# Hi from Hamburg, Germany



## Paxman (Sep 7, 2020)

I'm a guitarist and composer. My tools are Cubase 10.5 Pro, Dorico 3.5 Pro and a lot of librarys and vst's.
Hardware is a huge pc, RME device, Neumann KH120 Monitors, 2 4K-Displays, KK MK88 masterkeyboard and last but not least a kemper amp and some guitars.
I like any kind of good music. Hope I can help.
Best, Andreas


----------



## doctoremmet (Sep 7, 2020)

Moin Andreas. Welcome and greetings back from Groningen, Niederlande.


----------



## bill5 (Sep 8, 2020)

Wie geht es dir? Spent 3 months in Germany (Ramstein), loved it!


----------



## Paxman (Sep 11, 2020)

bill5 said:


> Wie geht es dir? Spent 3 months in Germany (Ramstein), loved it!

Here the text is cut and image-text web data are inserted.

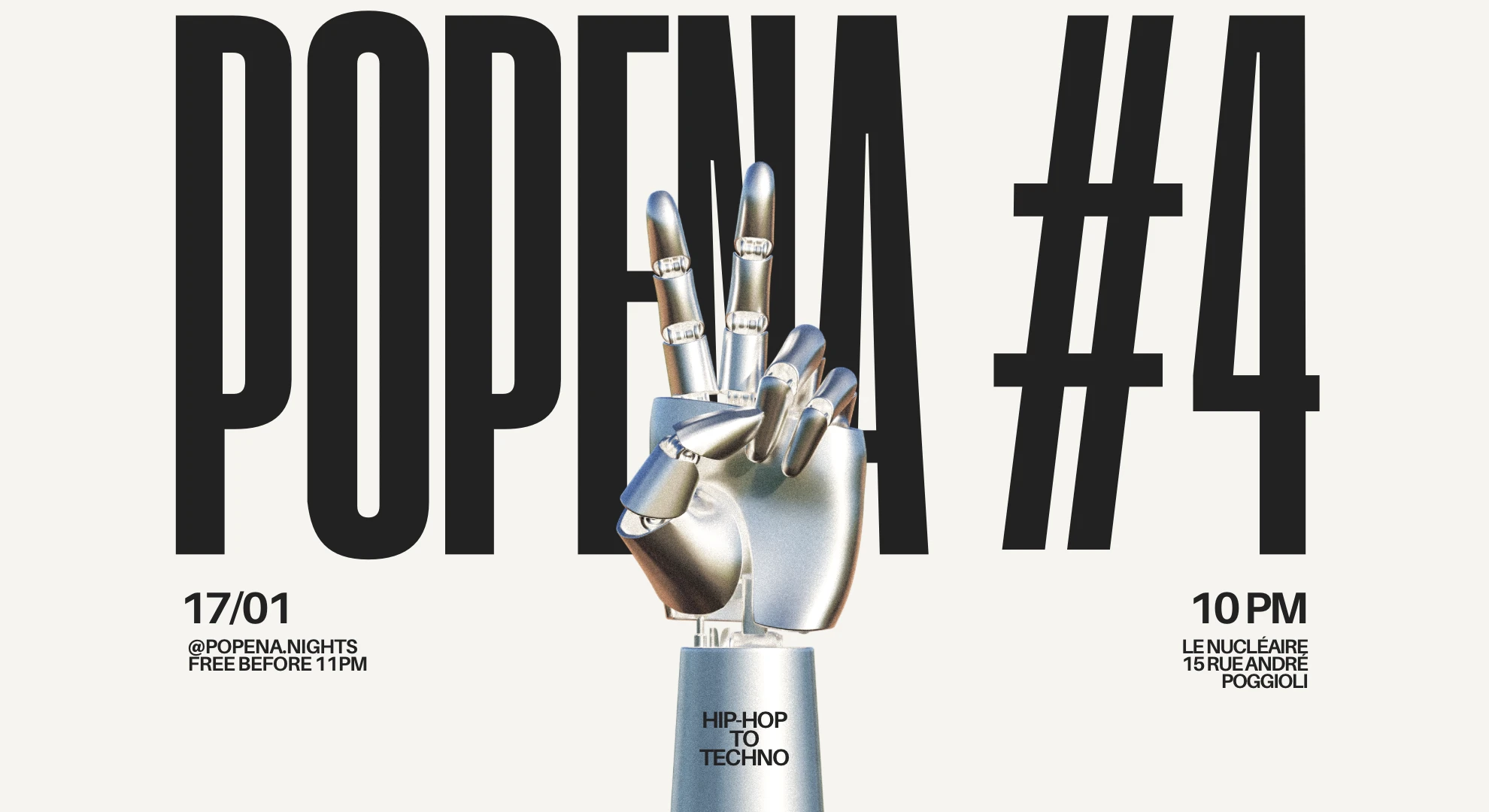 Popena #4 Free Before 11pm Hip-Hop To Techno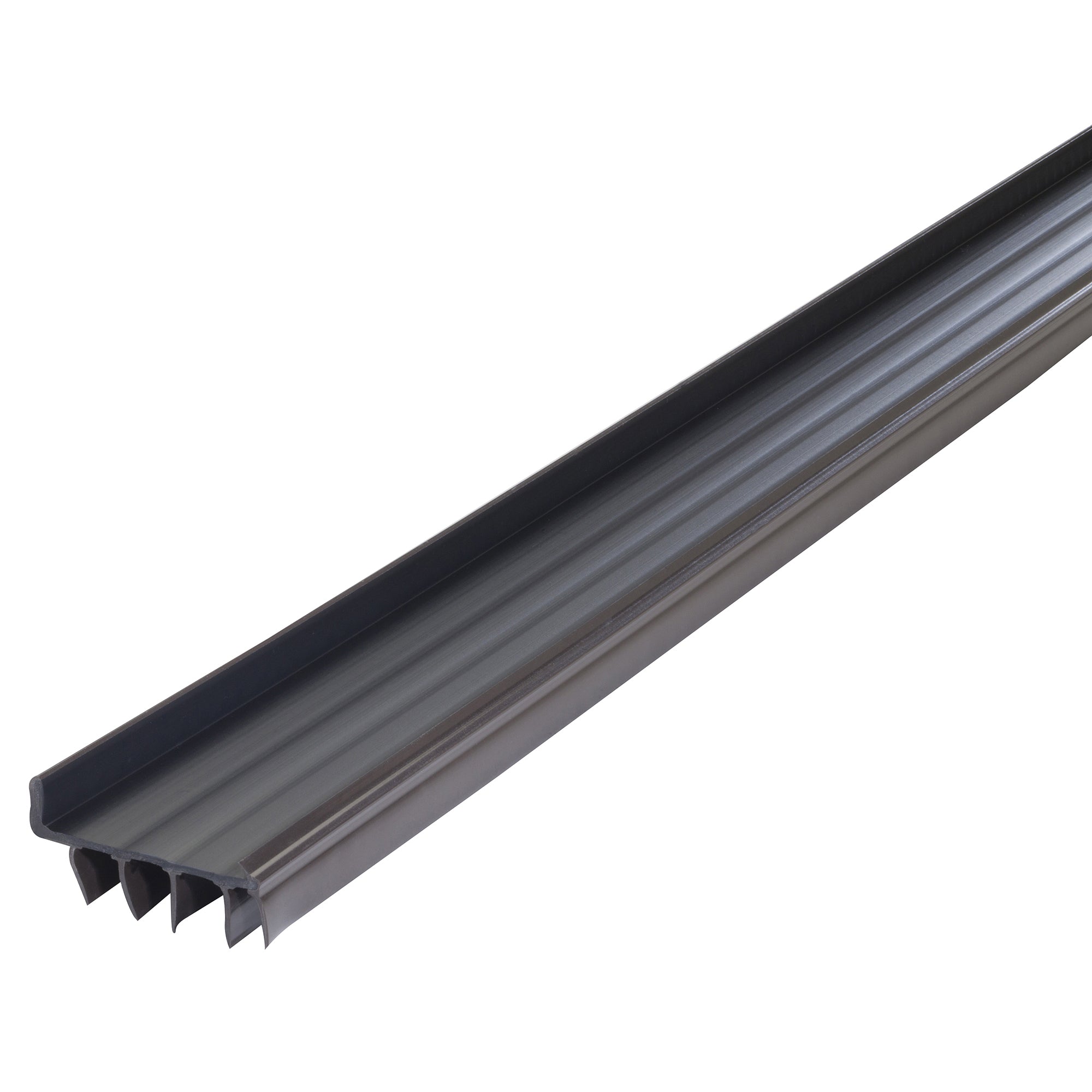 36 in. Brown Vinyl Concealed Screw Nail on Under Door Seal M D Building Products
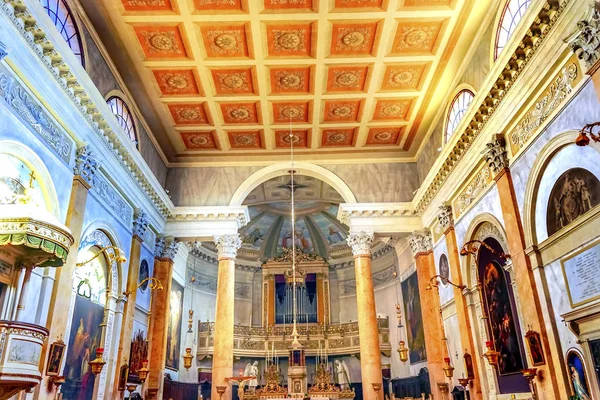 San Silvestro kerk altaar Basiliek Venetië Italië — Stockfoto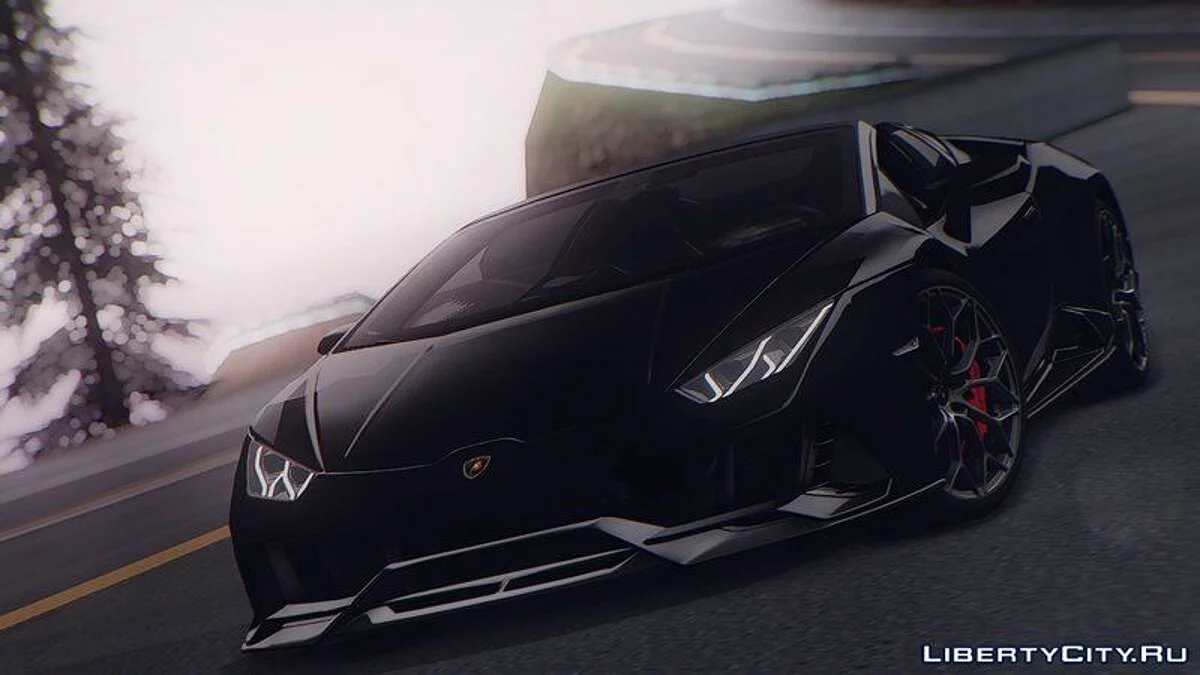 2020 Lamborghini Huracan Evo Spyder / GTA San Andreas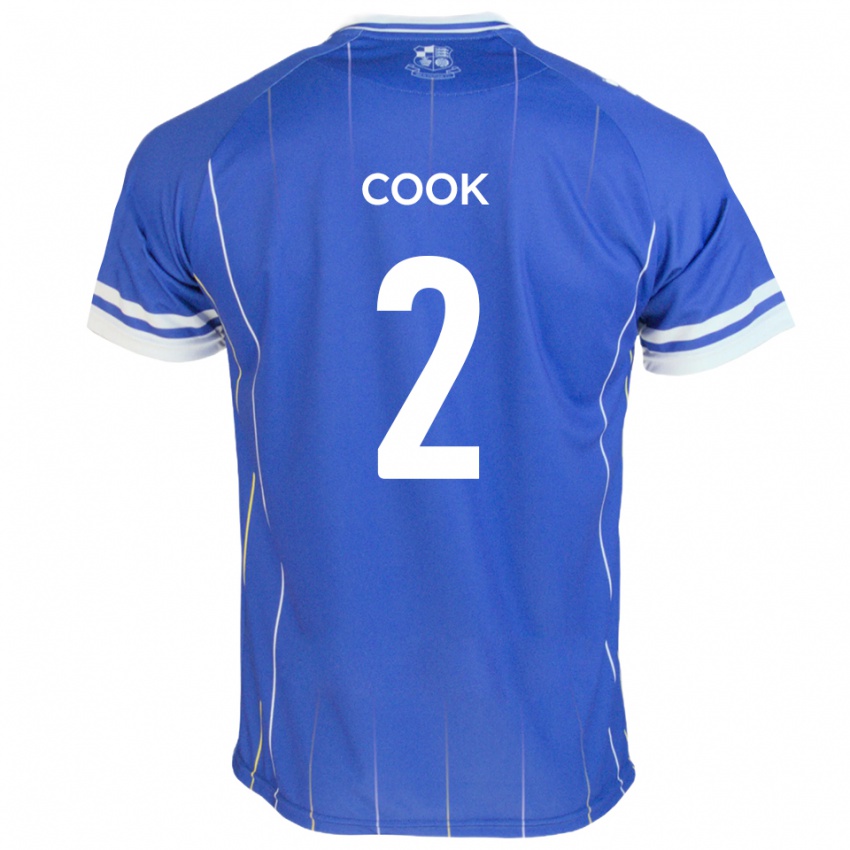 ילדים Jack Cook #2 כחול מלכותי ג'רזי ביתית 2025/26 חולצה קצרה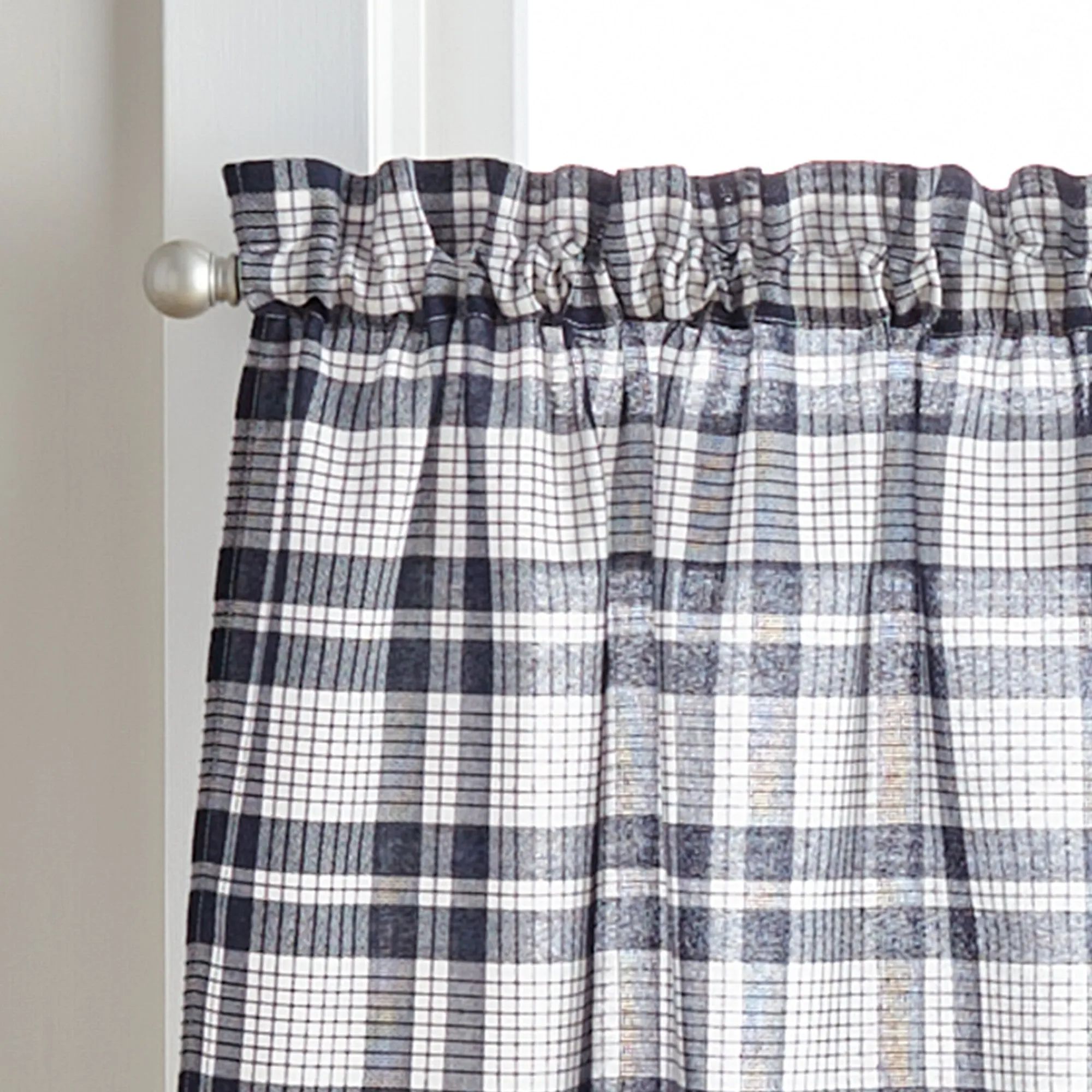 Curtainworks Seaton Plaid Tiers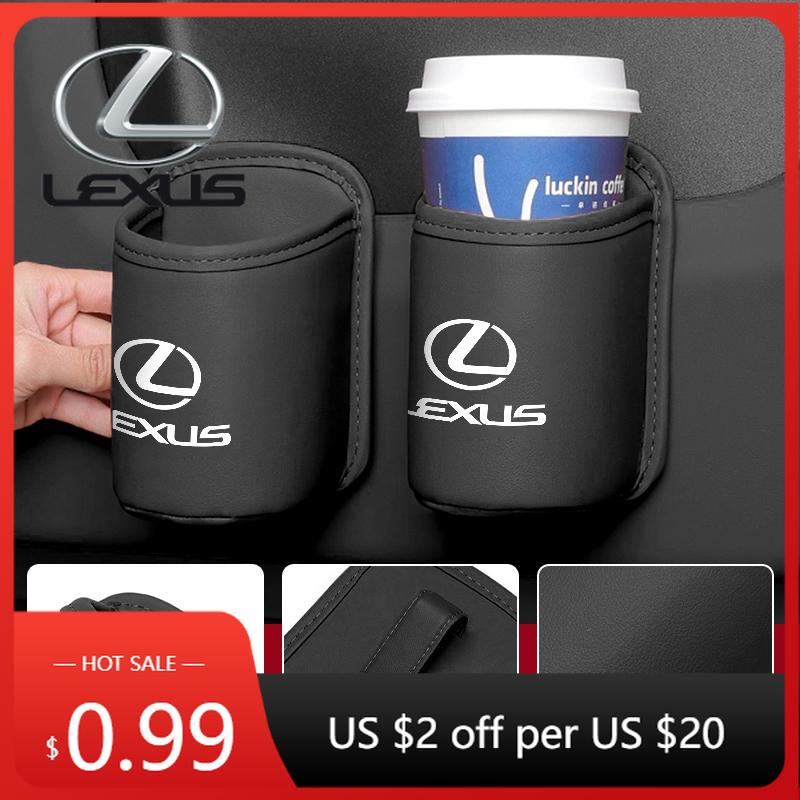 Interior Stickers Car Seatback Water Cup Box Leather Mug Drinks Storage Bag Accessories For Lexus UX250h RX450h CT200h RX400h NX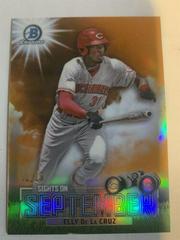 Elly De La Cruz [Mega Box Mojo Orange] #SOS-7 Baseball Cards 2023 Bowman Sights on September Prices
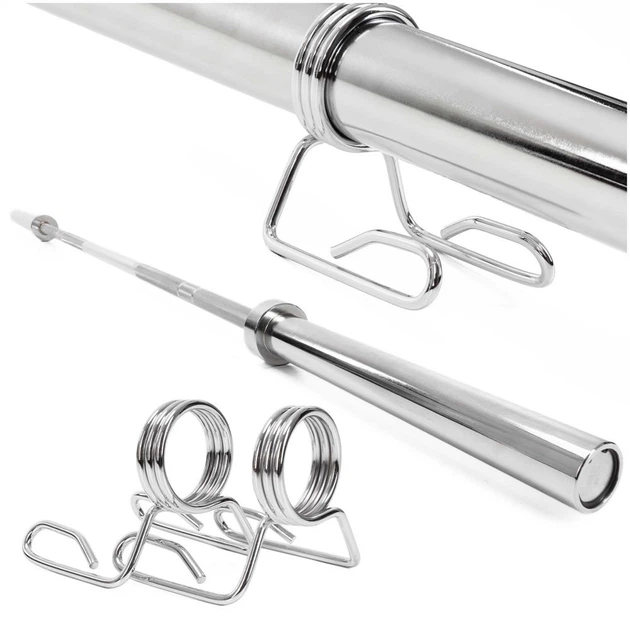 Гриф Actiget Прямий Олімпійський Сталевий 220 см Штанга та затискачі 50 мм ACT0008 (5908455308113) - зображення 3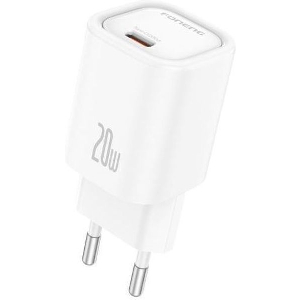 TRAVEL FAST CHARGER FONENG EU69 WITH OUTPUT USB C PD 20W 3A WHITE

Mit geht es ganz gut, danke.
I'm working on some Bernard Herrmann scores, a cover on the 'Boondog Saints' theme and a lot own harder bluesrock stuff.
Regards, Andreas


----------



## robteehan (Sep 16, 2020)

Welcome Andreas! Hope you find this community to be helpful and welcoming


----------



## nolotrippen (Sep 16, 2020)

Welcome


----------



## Bluemount Score (Sep 16, 2020)

Noch einer aus Deutschland 
Welcome!!!


----------



## BassClef (Sep 16, 2020)

Hello Andreas and welcome to the land of everything VI.


----------



## Jeeens (Sep 29, 2020)

Welcome Andreas! Liebe Grüße aus Frankfurt!


----------



## Saxer (Sep 29, 2020)

Tach!


----------



## Drjay (Sep 29, 2020)

Willkommen und gleichfalls viele Grüße aus Hessen!


----------



## Eric_k (Sep 29, 2020)

Welcome!


----------